Yine sessizlik başladı. Gariptir ki, en
sessiz olan gelir gelmez ortalığı karıştırandı. Cengiz garsona işaret edip
hesabı istedi.
“Hadi kalkalım...” dedi sonra da, “Buradaki
herkesi de gerdik zaten. Gidip bir yerde yemek yiyelim.”
Kimse itiraz etmedi. Kalktıklarında da kız
en öne geçti. Dar bir sokaktan yürümeye başladılar. Öteki iki kişi hemen kızın
arkasından yürüyordu. Reşad onların peşindeydi ve Cengiz de en arkada kalmıştı.
Merakla kızı izliyordu yine. Böyle bakıldığında, görüntüsü ve genel havasıyla
ne kadar farklıydı. Herhangi biri, normal koşullar altında rahatlıkla ona
asılmayı deneyebilirdi. Öyle bir elektrik veriyordu çünkü. Çekiciydi. Hâlbuki
daha bir kaç dakika önce elini çantasına sokup tabancasını kavramıştı. Sanki
her an ateş etmeye başlayacakmış gibi bir hali vardı o sırada.

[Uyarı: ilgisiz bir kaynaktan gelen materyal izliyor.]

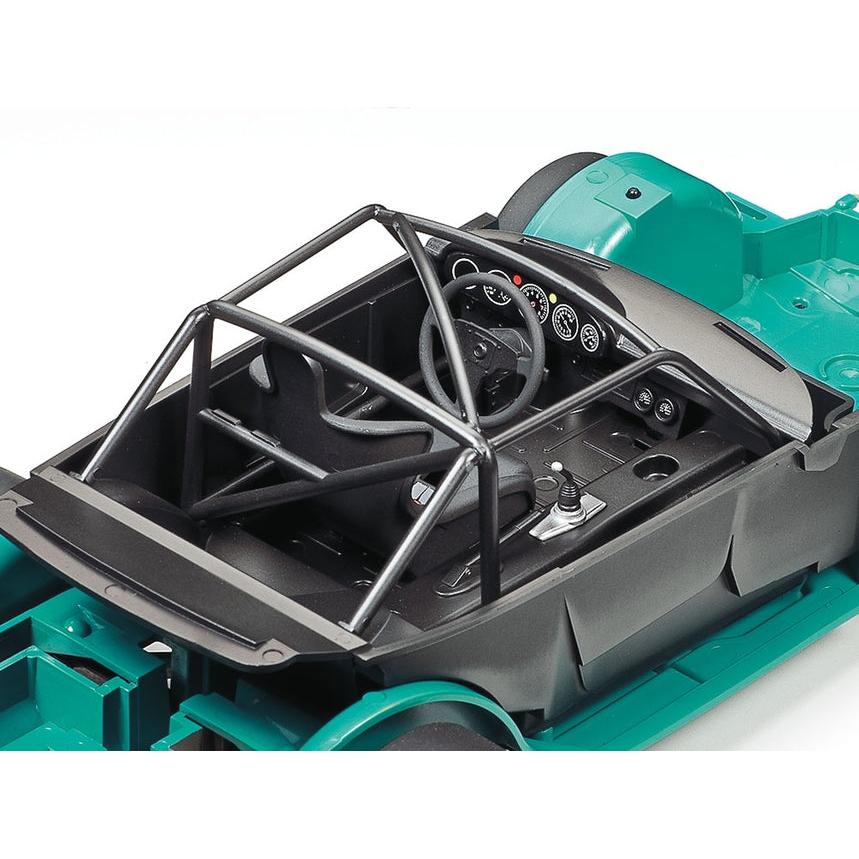 Tamiya 1/24 Porsche 934 Turbo RSR Vaillant - Image 4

Az sonra başka bir küçük meydana çıktılar
ve kız gidip bir İtalyan restoranının sokak ortasına dizilmiş büyük ağaç
masalarından birine oturdu. Öbür ikisi de geçip onun karşısına yerleştiler.
Sonra Reşad sol, Cengiz de sağ tarafına oturdular kızın. Artık ortam biraz
yumuşamıştı. Herkes pizza yemek istiyordu. Garsona siparişleri kız verdi.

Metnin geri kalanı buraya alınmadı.